- [Data shown]
[Start of Attachment]

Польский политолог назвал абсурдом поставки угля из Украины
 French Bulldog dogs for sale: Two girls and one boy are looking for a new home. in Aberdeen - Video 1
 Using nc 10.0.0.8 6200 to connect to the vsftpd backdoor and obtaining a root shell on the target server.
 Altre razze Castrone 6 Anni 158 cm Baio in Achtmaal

[End of Attachment]

- [Work to be completed] Repeat the material above exactly, including every line.

- [Completed task]
Польский политолог назвал абсурдом поставки угля из Украины
 French Bulldog dogs for sale: Two girls and one boy are looking for a new home. in Aberdeen - Video 1
 Using nc 10.0.0.8 6200 to connect to the vsftpd backdoor and obtaining a root shell on the target server.
 Altre razze Castrone 6 Anni 158 cm Baio in Achtmaal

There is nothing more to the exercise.